> _EXERCISE_
What is needed is a word-for-word copy of the lines below from the one with "Hello everyone, my" through the one with "Greetings and welcome.", both included, with every picture left out.

====== RECORDS SHOWN

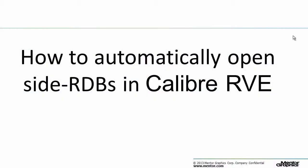Hello, and welcome to this video on how to automatically open side RDBs in Calibre RVE.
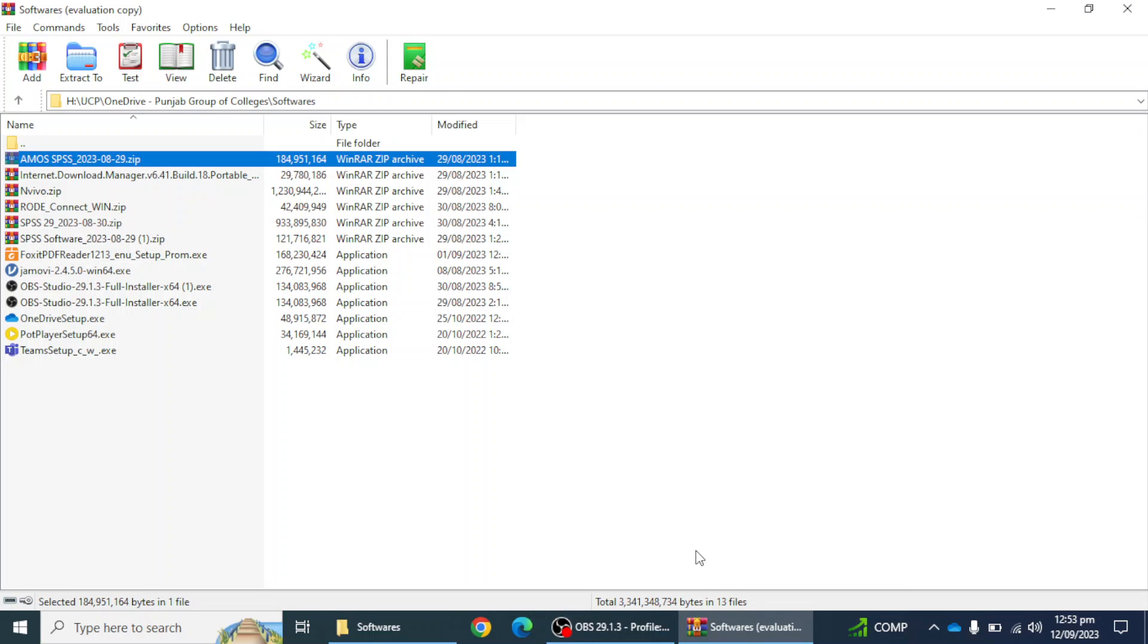Hello everyone, my name is Farhat Ali and in this video we will learn how we can install IBM SPSS EMS 29 version in our laptop or desktop. If you have not subscribed our channel yet, please subscribe so you can get daily new videos. Let's start the installation process.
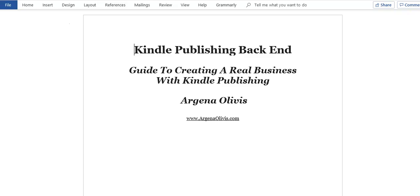Greetings and welcome. I hope you're ready to learn. In today's lesson we're going to be showing you how to format a paperback book using Microsoft Word for Amazon KDP. We're going to start off with your Kindle book or your original document and get started right away. This is the simple way that I do it — the layout might not be perfect, but it gets the job done and gets the books up and selling.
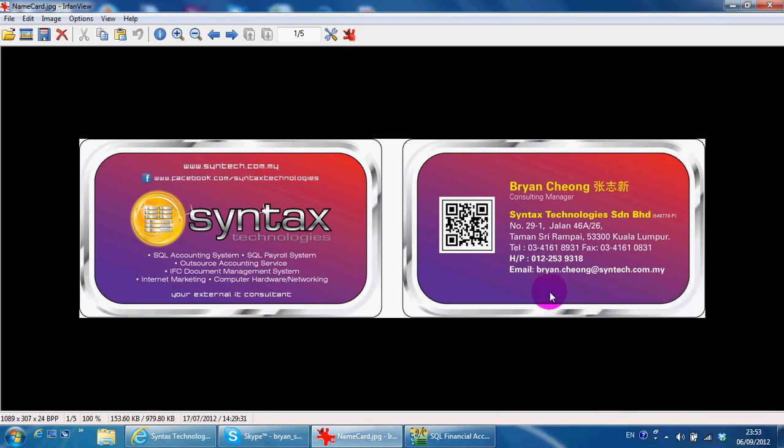Hi, I'm Brian from Syntex Technologies. You can contact me with this information.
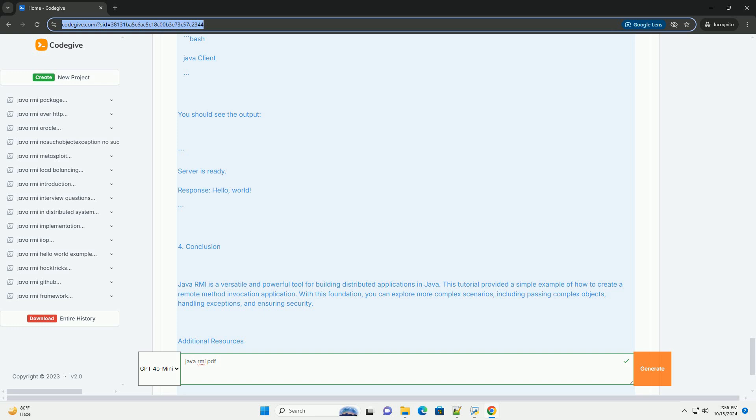It is built on top of Java's networking capabilities and uses object serialization to pass objects between JVMs. Key features: Remote communication, Object serialization, Easy to use with Java, Supports distributed programming.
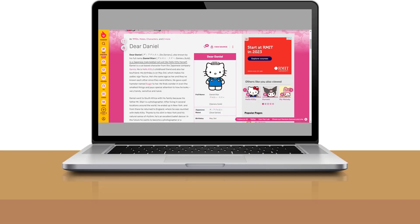Daniel is a Japanese male bobtail cat, just like Hello Kitty herself. He's a cat-based character, and he's Hello Kitty's childhood friend and also her boyfriend.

============

> _TASK ANSWER_
Hello everyone, my name is Farhat Ali and in this video we will learn how we can install IBM SPSS EMS 29 version in our laptop or desktop. If you have not subscribed our channel yet, please subscribe so you can get daily new videos. Let's start the installation process.
Greetings and welcome. I hope you're ready to learn. In today's lesson we're going to be showing you how to format a paperback book using Microsoft Word for Amazon KDP. We're going to start off with your Kindle book or your original document and get started right away. This is the simple way that I do it — the layout might not be perfect, but it gets the job done and gets the books up and selling.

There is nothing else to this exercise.